O presidente do Tribunal de Contas do Estado, Jerson Domingos, fará uma consulta judicial para verificar a possiblidade de nova eleição para o Tribunal de Contas de Mato Grosso do Sul, que teve três conselheiros suspensos na manhã de hoje, durante operação da Polícia Federal.
Jerson assumiu a presidência do TCE, que tinha eleição marcada para o dia 16 de dezembro, na próxima semana. Agora, restam apenas quatro conselheiros, um número menor do que o exigido pela legislação, o que impediria a realização da eleição.
O novo presidente decidiu fazer a consulta porque os conselheiros foram afastados por seis meses e o mandato já vence no final deste mês. Soma-se a isso a paralisação para o recesso do fim de ano. Sem a eleição, na volta do recesso, a Côrte estaria sem presidente e vice e impedida de realizar os trabalhos nos próximos cinco meses.
O caso
Uma operação da Polícia Federal nesta manhã afastou três conselheiros do Tribunal de Contas de Mato Grosso do Sul (TCE). O presidente, Iran Coelho Neves, Ronaldo Chadid e Valdir Neves estão suspensos por 180 dias.
As investigações apuram a indevida contratação de empresa por meio de licitações fraudulentas, utilizando-se de conluio prévio entre as pessoas jurídicas vinculadas participantes do certame.

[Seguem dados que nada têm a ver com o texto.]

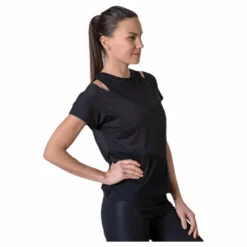 Alula Tee Black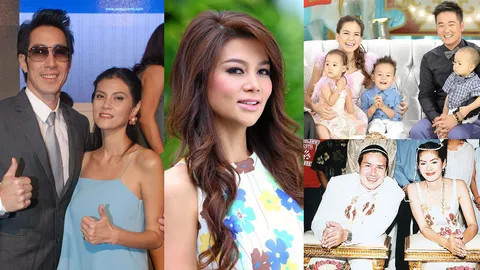 “ดาราแม่ลูกดกของไทยคือใครเอ่ย?”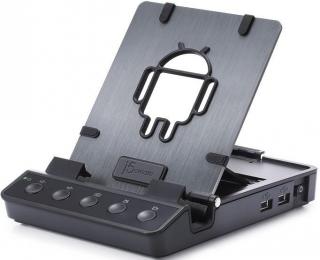 J5 Create JUD650 Android Dock Phone/Tablet Workstation Photo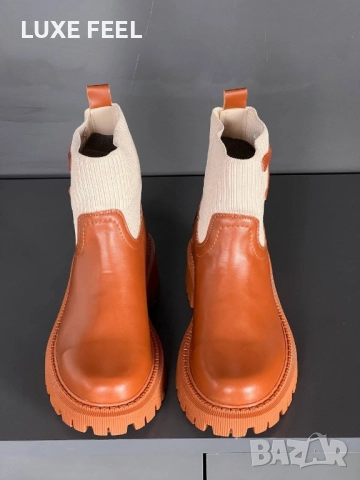 Дамски Боти ⚜️ CELINE , снимка 4 - Дамски боти - 52482472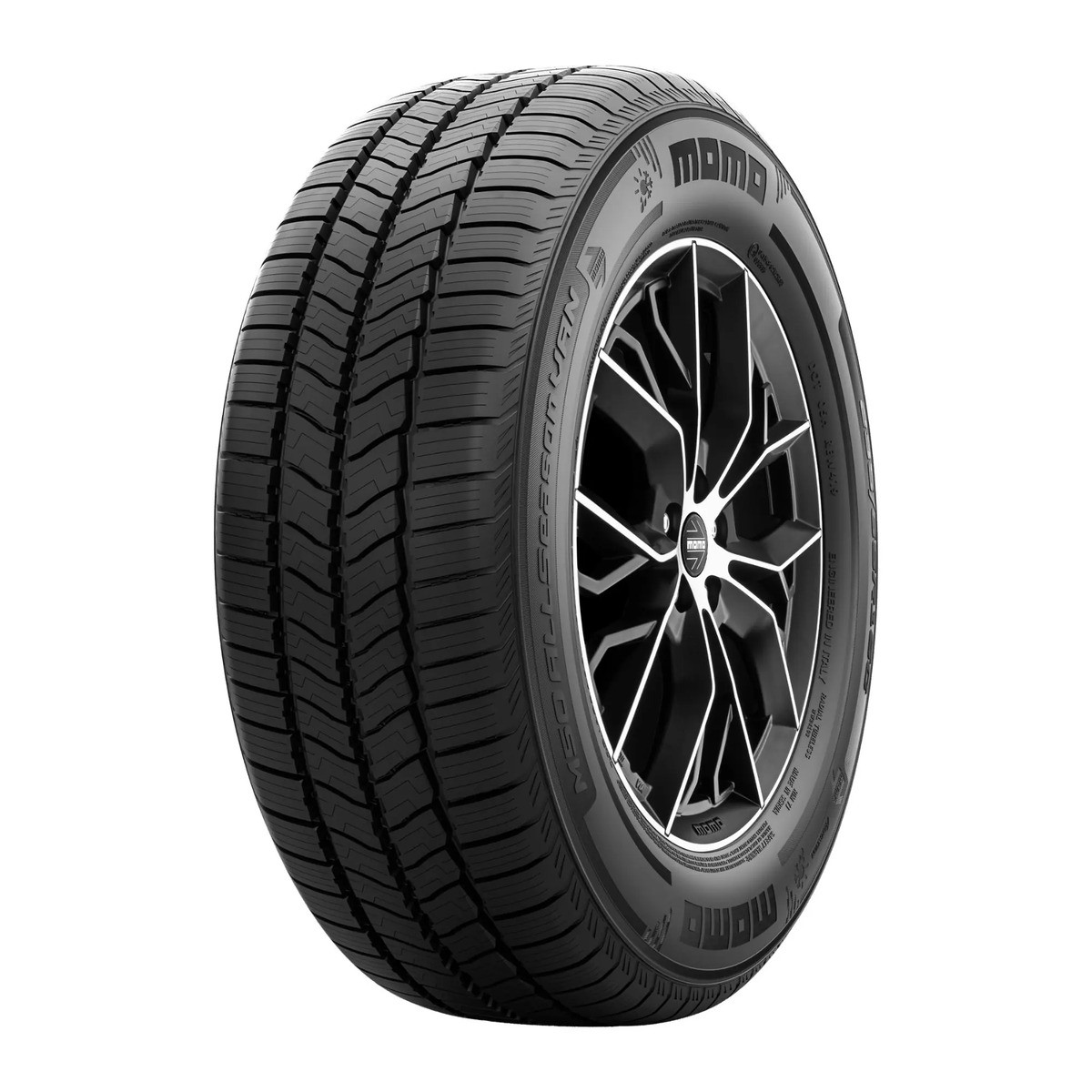 Momo SEASON VAN M-50 Bestelwagenbanden 225/75 R16 121T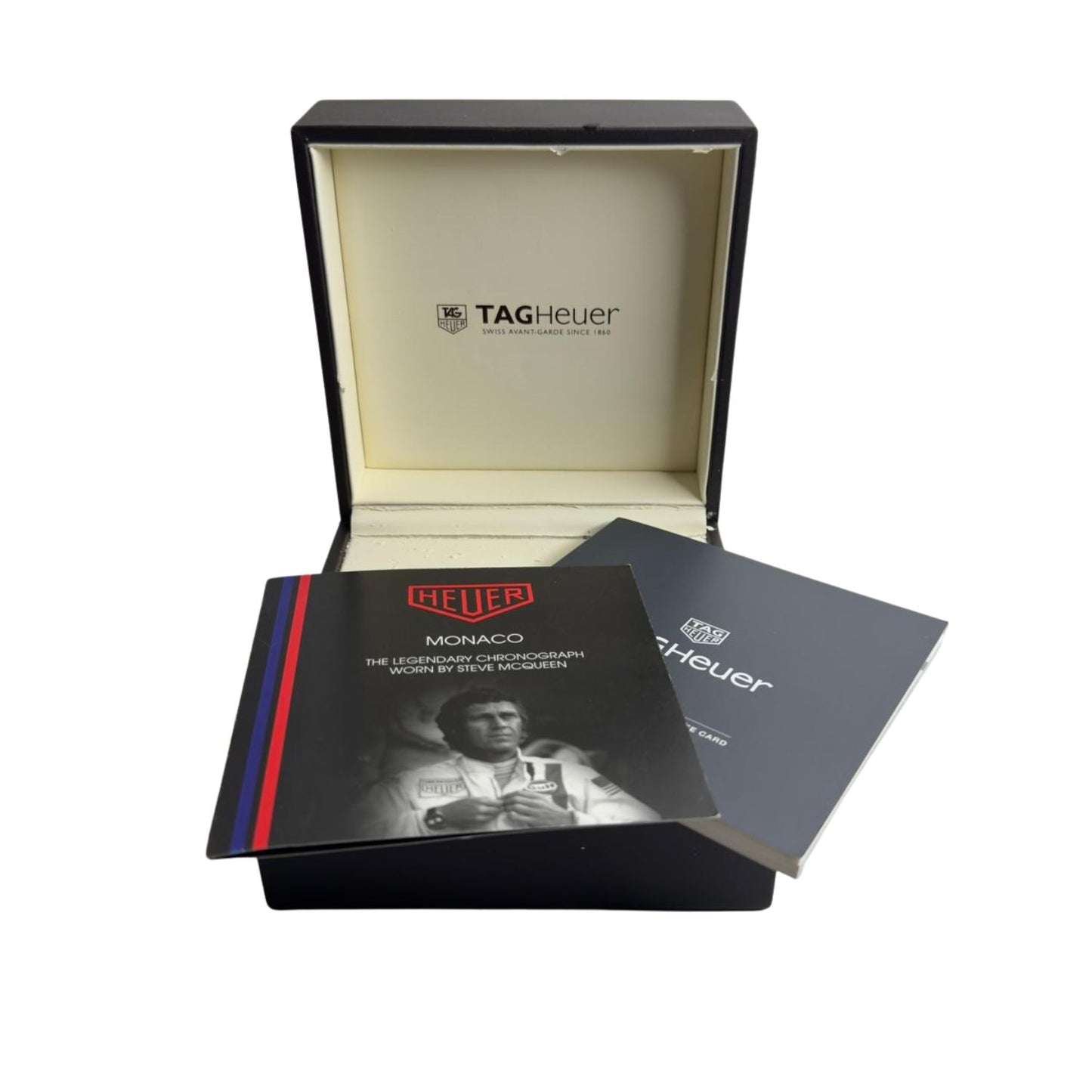 TAG Heuer Monaco Calibre 11 Automatic Chrono 39mm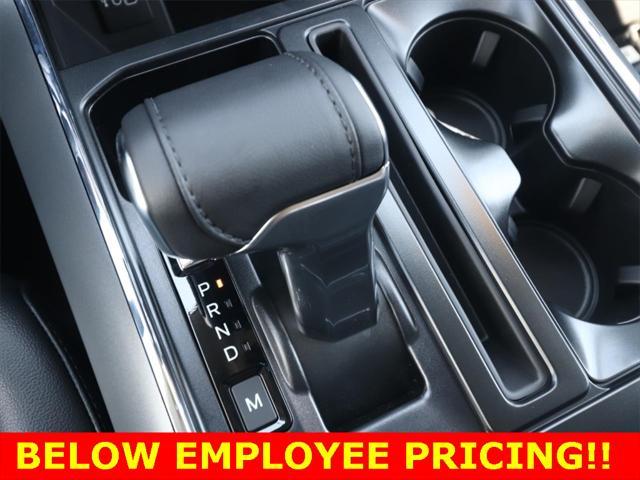 new 2025 Ford F-150 car, priced at $61,043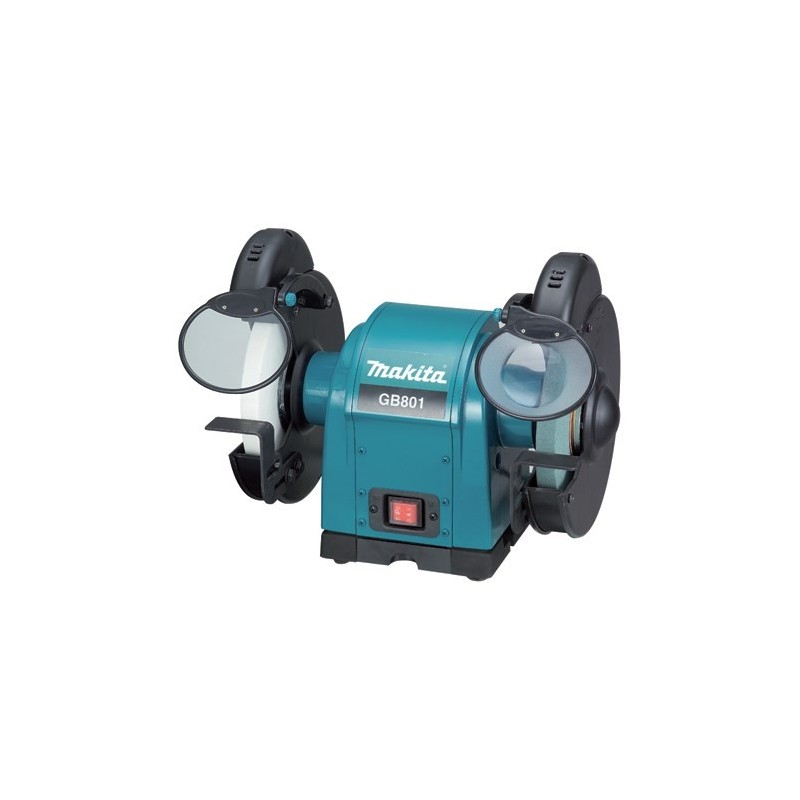 MAKITA.SZLIFIERKA STOŁOWA 205mm GB801 550W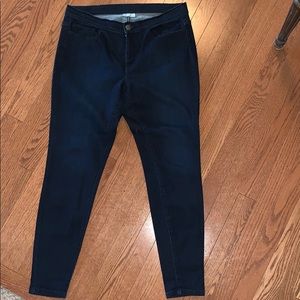 J.jill denim leggings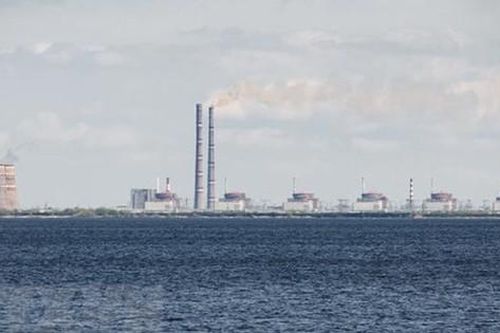 IAEA thanh sát nhà máy điện hạt nhân ở Ukraine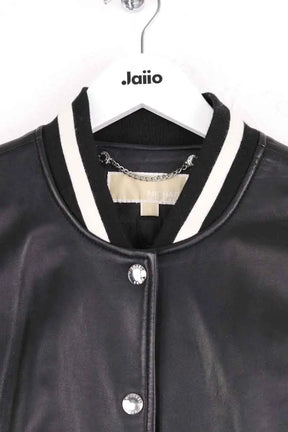 Blouson Michael Kors Noir en Synthétique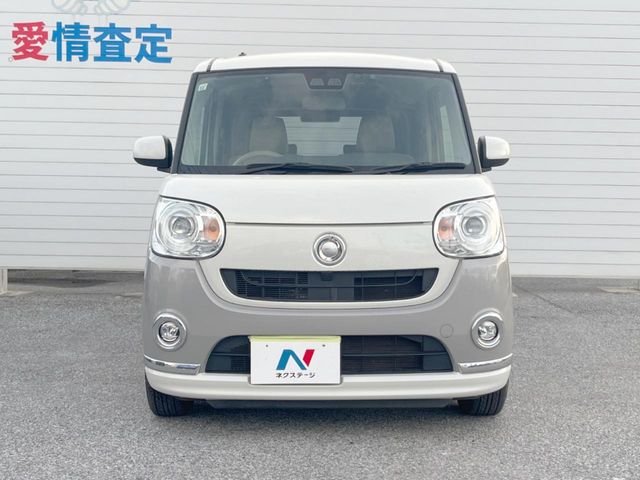 ダイハツ ムーヴキャンバス
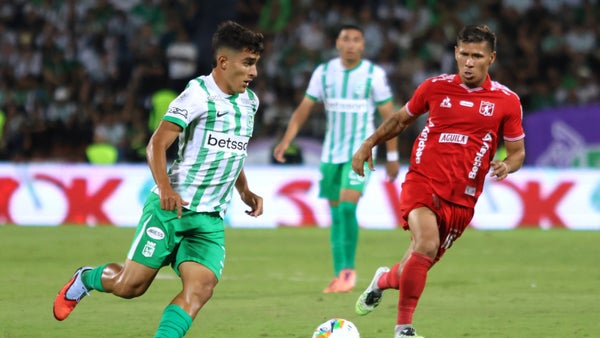 América vs. Nacional: horarios de las semifinales de la Copa BetPlay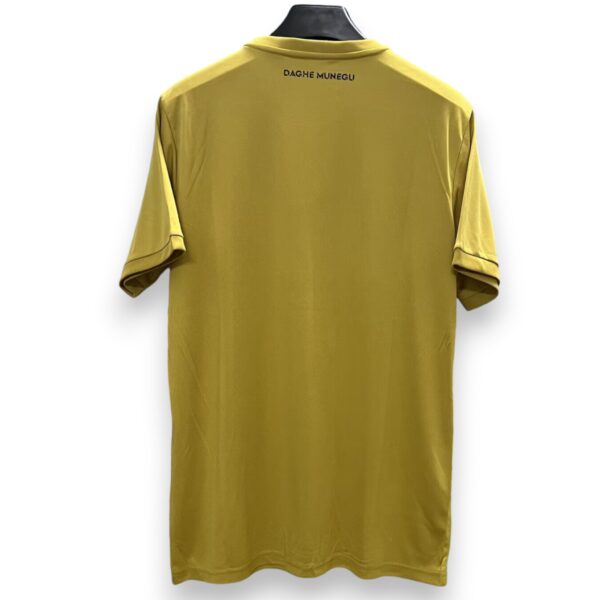 Camiseta Mónaco 2025-2026 Alternativa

Os investigados utilizavam- se de diversos artifícios para frustrar o caráter competitivo da licitação, incluindo rapidez incomum na tramitação do procedimento, exigência de qualificação técnica desnecessária ao cumprimento do objeto, contratação conjunta de serviços completamente distintos em um mesmo certame e apresentação de atestado de capacidade técnica falsificado.
Através da análise do material apreendido por ocasião da Operação Mineração de Ouro, bem como dos dados obtidos no bojo da investigação, com as quebras de sigilos bancários, fiscais e telemáticos, foi possível apurar que, para dissimular a destinação dos recursos debitados nas contas da empresa contratada, foram criados diversos mecanismos de blindagem patrimonial, antes de serem creditados em contas do destinatário final.
Os valores foram creditados em contas de outras pessoas jurídicas, porém, sem quaisquer contrapartidas fiscais que pudessem justificar tais depósitos. A ocultação do destinatário desses valores foi facilitada pela realização de saques em espécie sem a rastreabilidade dos favorecidos, dificultando a identificação do caminho do dinheiro. Para tanto, substanciais valores em cheques foram sacados irregularmente do caixa, em desacordo com os procedimentos operacionais do próprio Banco.